If I understood a previous thread correctly, more RAM does not necessarily increase speed in 10.2. I have a 256 MB RAM PowerBook g4 400 mhz. Will increasing to 512 or beyond increase speed? I tend to use:

Word
Internet Explorer
Chimera
Mail
OmniOutliner

Many thanks for any clarification. Oh! I have 4 GB free on my harddisk. Thanks.

edurbrow@earthlink.net


----------



## Satcomer (Oct 14, 2002)

It did on my Powerbook G4 400Mhz.


----------



## Rhino_G3 (Oct 14, 2002)

if you have 256 you will more than likely notice a performance gain in more ram.  I recently upgraded from 256 to 512 on my B&W G3 and it did make a difference.  Mostly because I had a ton of Virtual memory swapping when changing apps.  With the price of RAM these days you might as well.  It's not going to hurt anything


----------



## Total Konfuzion (Oct 14, 2002)

You want as much ram as you can afford.  10.2 eats up ram like crazy.  All your windows are stored in ram, everything is dependant on ram..well almost everything.  512mb is the sweet spot with 10.2


----------



## Jeffo (Oct 15, 2002)

I am still on X.1.5 but i upgraded my ibook from 384 to 640 and i really only noticed a difference when i had alot of programs open or if i was using photoshop with alot of large files and such.

jeffo


----------



## Factor41 (Oct 16, 2002)

10.2 feels snappier on my Powerbook G3 upgraded from 192 to 384Mb. Not hugely noticeable as a performance jump, but it all just feels... better. Don't think it'd keep getting better and better tho, don't see any point going past 1152 in my G4!


----------



## neutrino23 (Oct 23, 2002)

Open the Terminal and type vm_stat. It will show you statistics for use of the HD for swapping out parts of memory. If you have lots of memory relative to the demands of your software this will be small or zero. If you run RAM intensive applications this will be nonzero.
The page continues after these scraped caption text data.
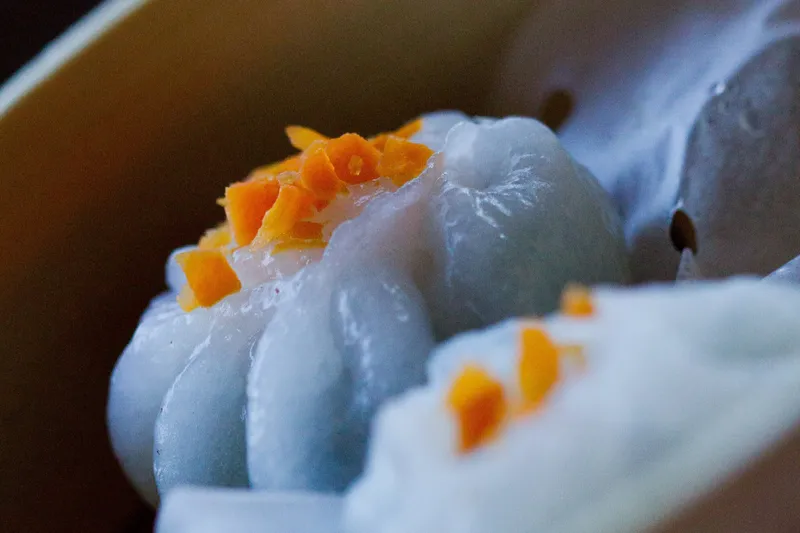 Close-up of a steamed crystal-skin dumpling topped with diced carrot at Empire Chinese Kitchen in Portland, Maine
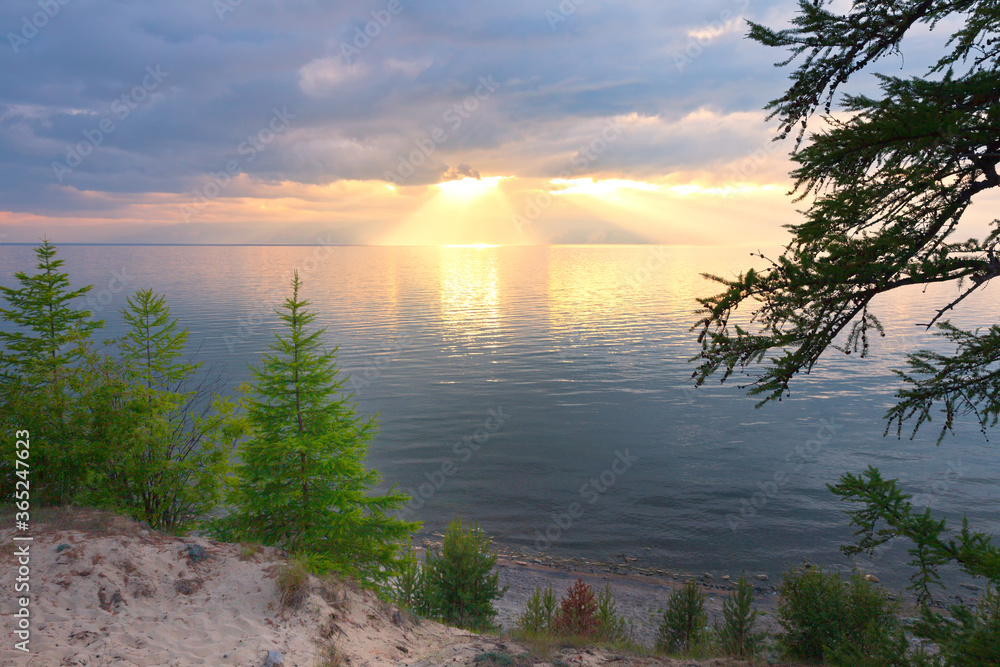 Baikal Lake. Beautiful summer landscape with a sandy beach of the Olkhon Island and sunset with colorful clouds over water with reflection. Natural background Baikal Lake. Beautiful summer landscape with a sandy beach of the Olkhon Island and sunset with colorful clouds over water with reflection. Natural background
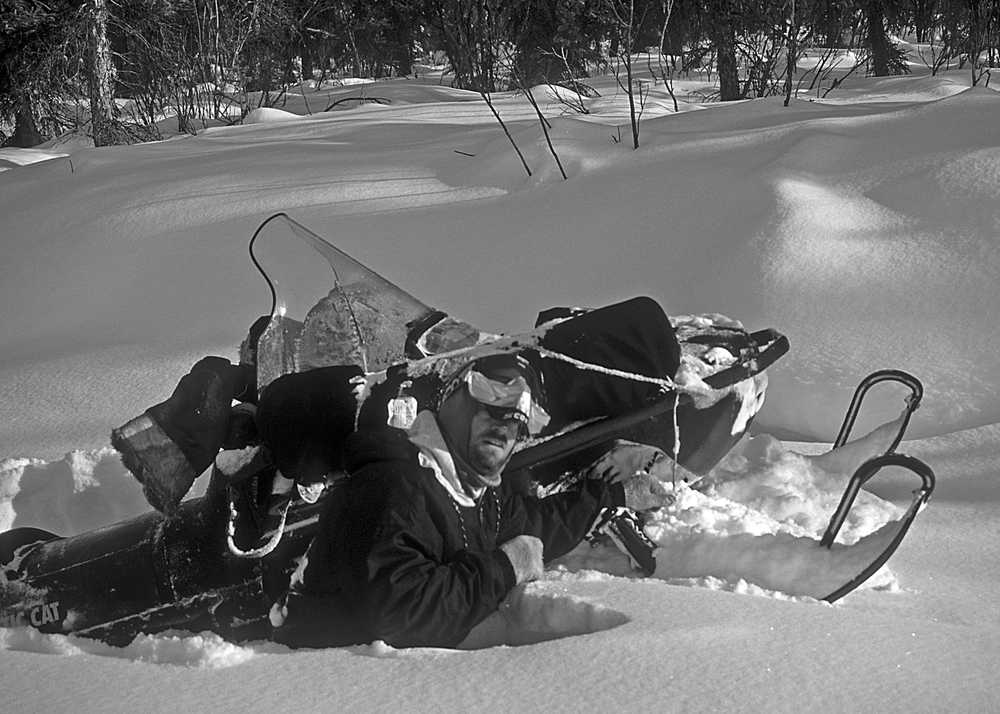 Seth Kantner, fellow arctic writer, photographer and longtime traveling companion, struggles with a stuck snowmobile on the way to the Arrigetch Peaks.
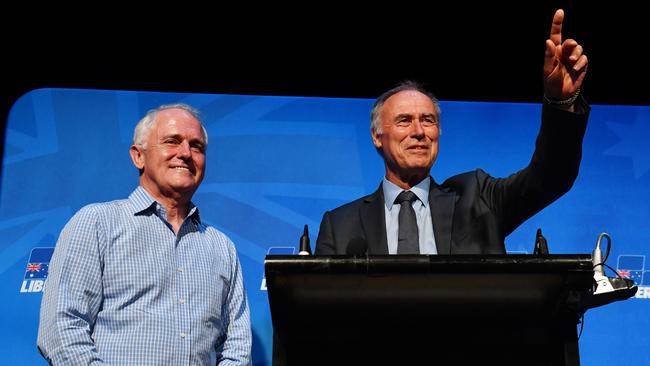 Prime Minister Malcolm Turnbull (left) and newly elected Liberal member for Bennelong John Alexander celebrate. Picture: AAP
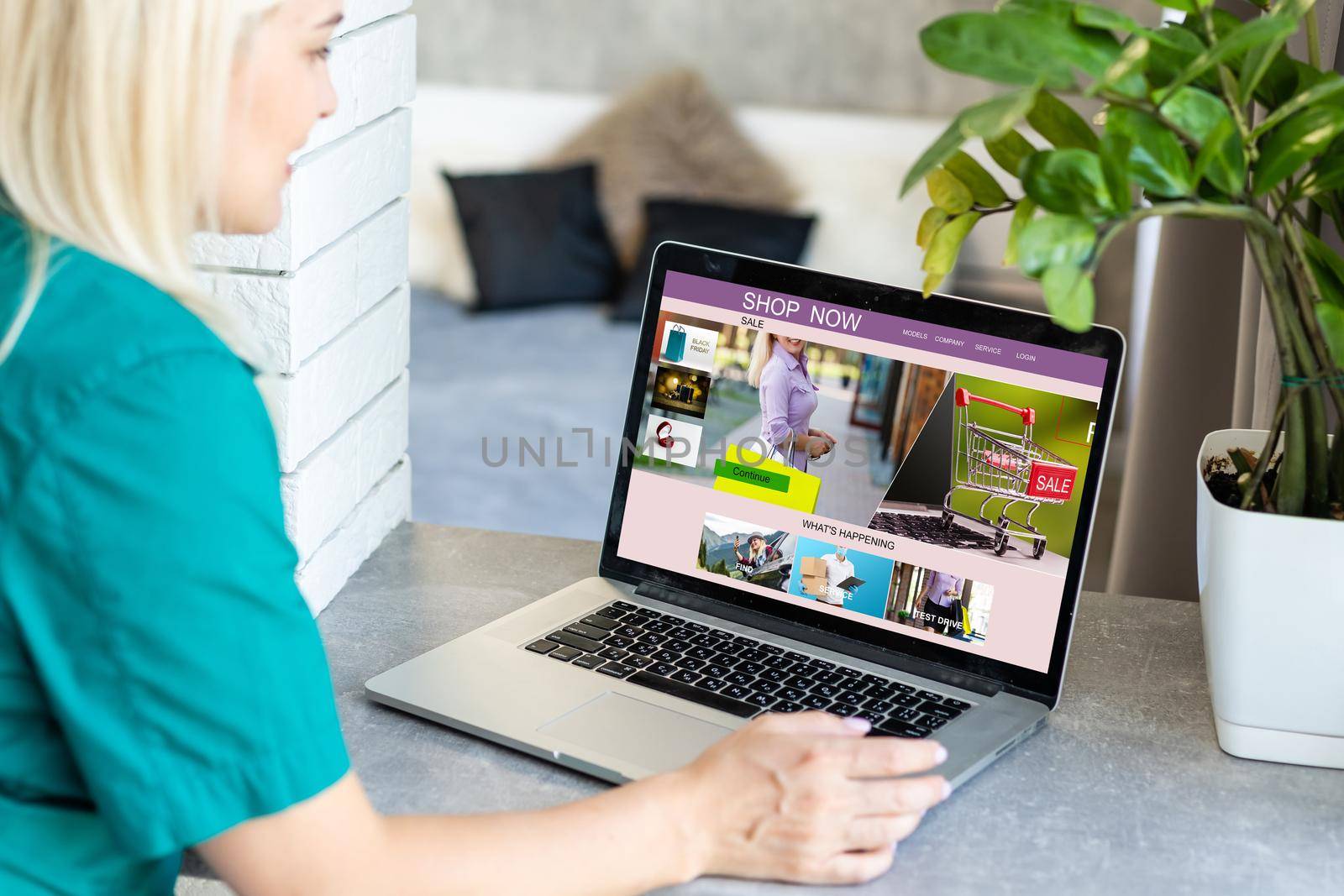 Young woman using laptop computer. Online shopping concept.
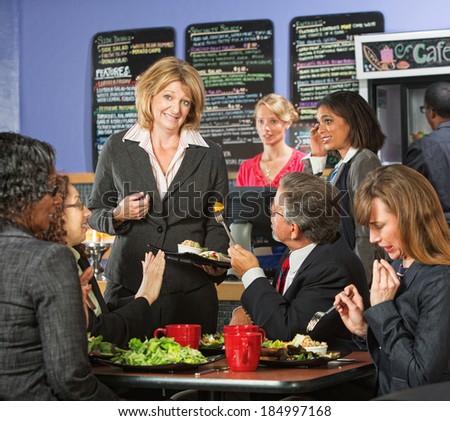 Restaurant owner with group of unhappy customers
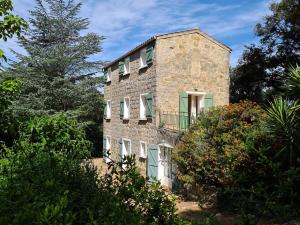 een stenen huis met een balkon ernaast bij MAISON DE CARACTERE AVEC PISCINE in Sartène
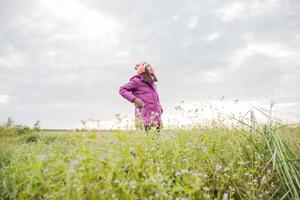 junge Frau spielte in einer Blumenwiese in der Winterluft. foto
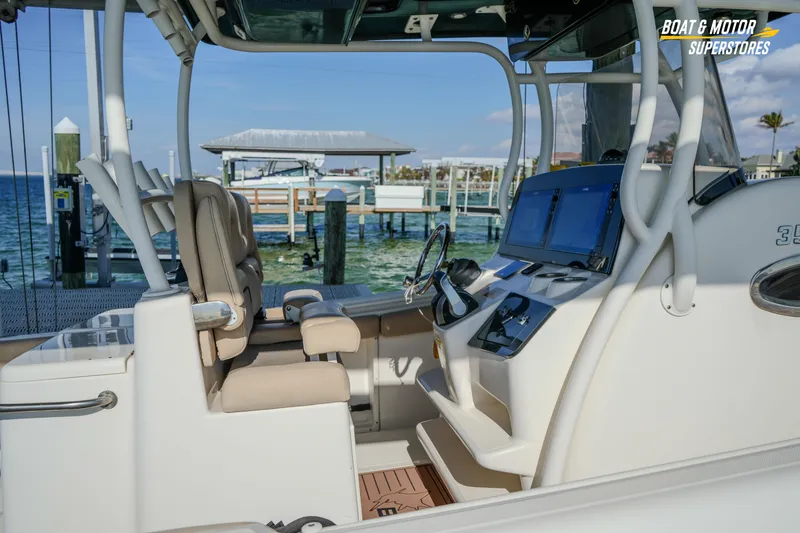  Yacht Photos Pics 2018 Key West Billistic 351 Center Console boat interior at dockside, featuring helm and seating.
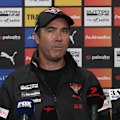 Essendon coach Brad Scott says he isn't afraid of being sacked but is confident the Bombers are trending in the right direction.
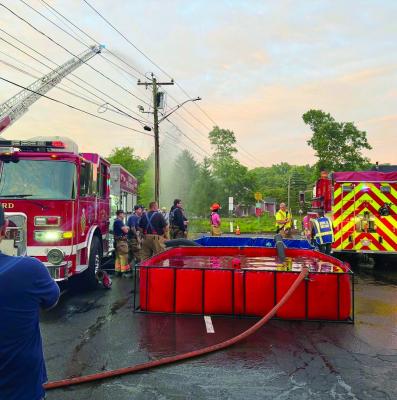 Recently, the Oxford Fire Department held its monthly department drill at Center Fire Station, focusing on water supply operations. Because many areas of town do not have hydrants, firefighters must be prepared to transport water to fire scenes. This training was divided into three stations, each targeting a key part of the process. Crews practiced filling tankers from the nearest available hydrant, transporting water to a portable pond, and then drafting that water to supply an engine or ladder truck 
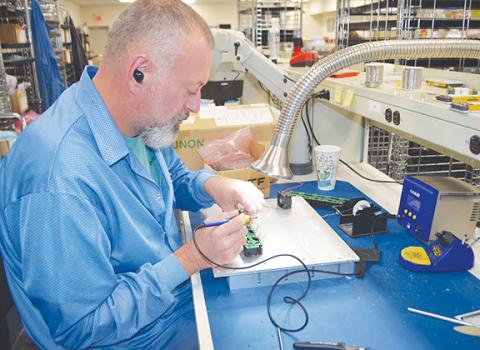 Photos by Abigail Blythe Batton/Staff Correspondent Bryan Holloway, a mechanical assembler for Aegis Power, concentrates on the details before the grand opening celebrating their manufacturing expansion Monday.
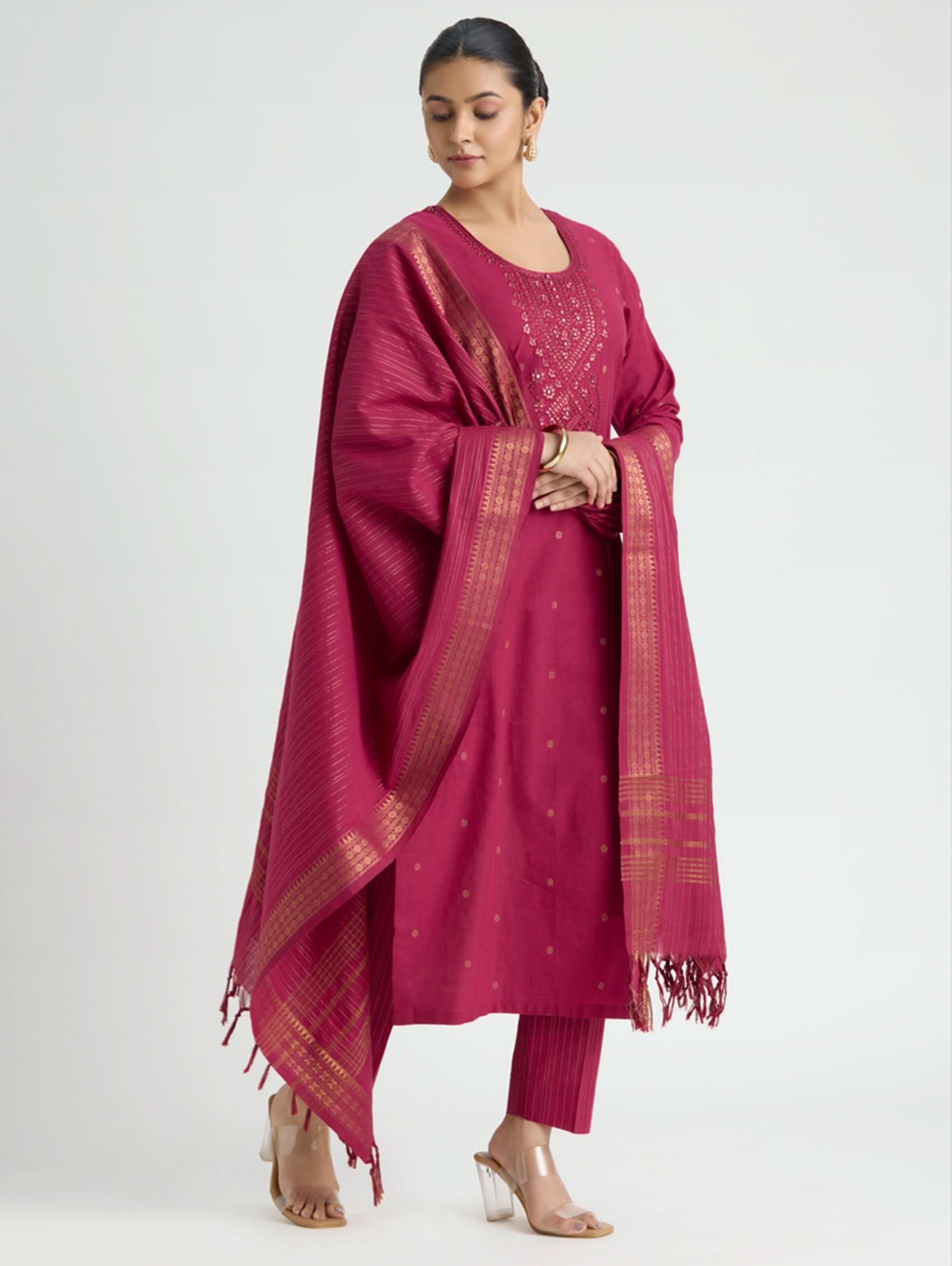 Woman wearing a magenta traditional outfit with a matching dupatta on a white background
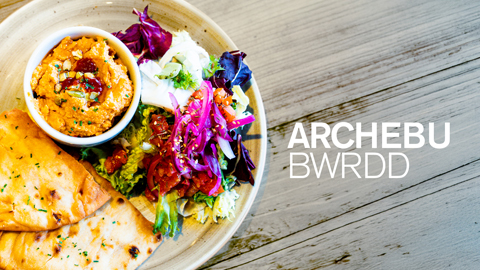 Plat o fwyd lliwgar gyda bara ar yr ochr a geiriau Archebu Bwrdd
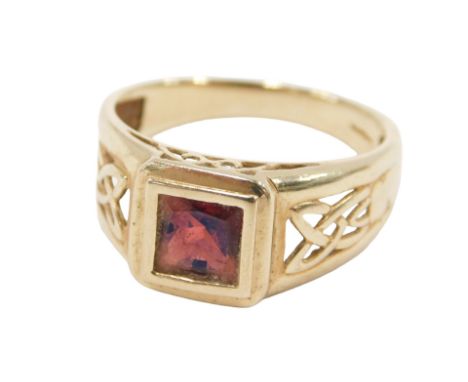 A 9ct gold and garnet set ring, the square cut garnet in a mount with Celtic design pierced shoulders, size U½, 3.7g.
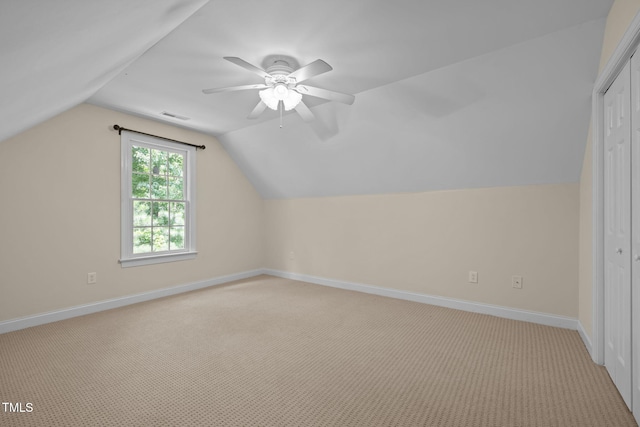 430 Beechwood Trl, Henderson, NC 27536 - additional living space with vaulted ceiling, light colored carpet, and ceiling fan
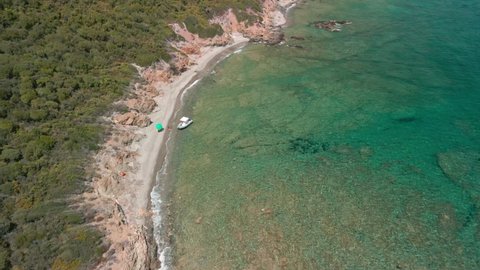 Mediterranean Coast With Beach And Crystal Clear Blue Sea Waves During Summer In Sardinia, Italy - aerial drone shot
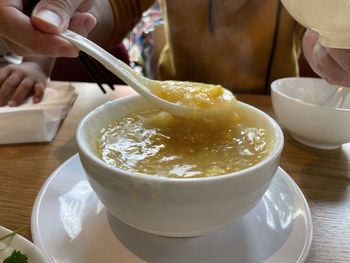 Close-up of hand holding ice cream in bowl on table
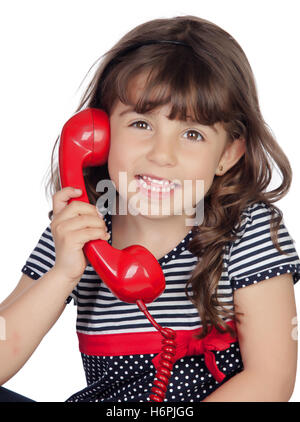 Adorable little girl wiht red phone isolated on white background Stock Photo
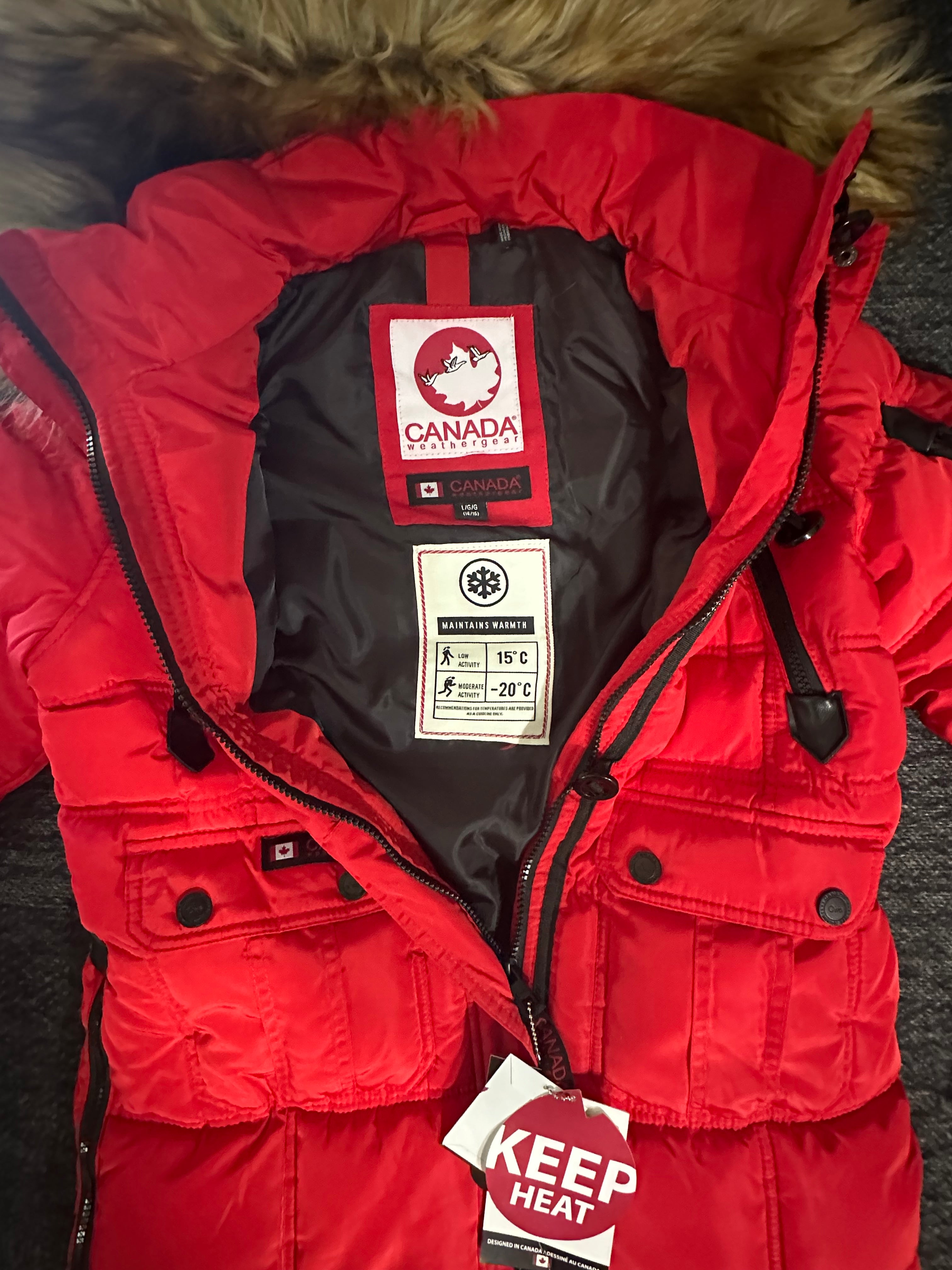 Canada weather gear girls red puffer winter parka in red color.
14/16 large size.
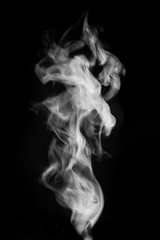Smoke or steam on black isolated background for insertion image in overlay mode_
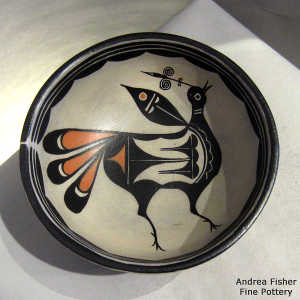 Geometric design outside and bird design inside a polychrome bowl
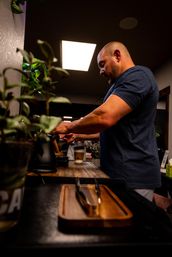 Barista preparing pour-over coffee at a cozy neighborhood café counter, paper to-go cup and potted plants in the foreground under warm overhead lighting.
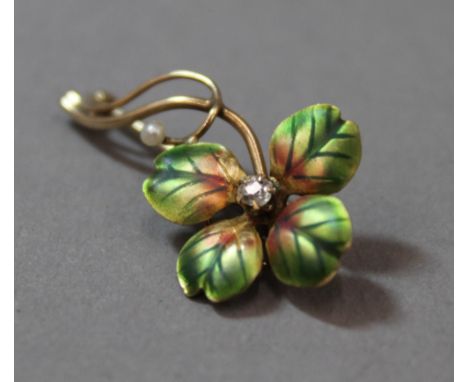 A 10 K gold, enamel and diamond brooch (1.9 grammes total weight)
You can check it from time to time after running different apps to calibrate your understanding of these numbers.


----------



## Durbrow (Oct 24, 2002)

I did a vm stat in Terminal after upgrading from 256 to 700+ and here is what I get:

Mach Virtual Memory Statistics: (page size of 4096 bytes)
Pages free:                    88941.
Pages active:                  48801.
Pages inactive:                39872.
Pages wired down:              18994.
"Translation faults":       12491796.
Pages copy-on-write:           44524.
Pages zero filled:           1192465.
Pages reactivated:             58613.
Pageins:                       13265.
Pageouts:                        918.
Object cache: 24686 hits of 541096 lookups (4% hit rate)

Can you tell me exactly what I am looking for? I am new to terminal/darwin. Thanks.


----------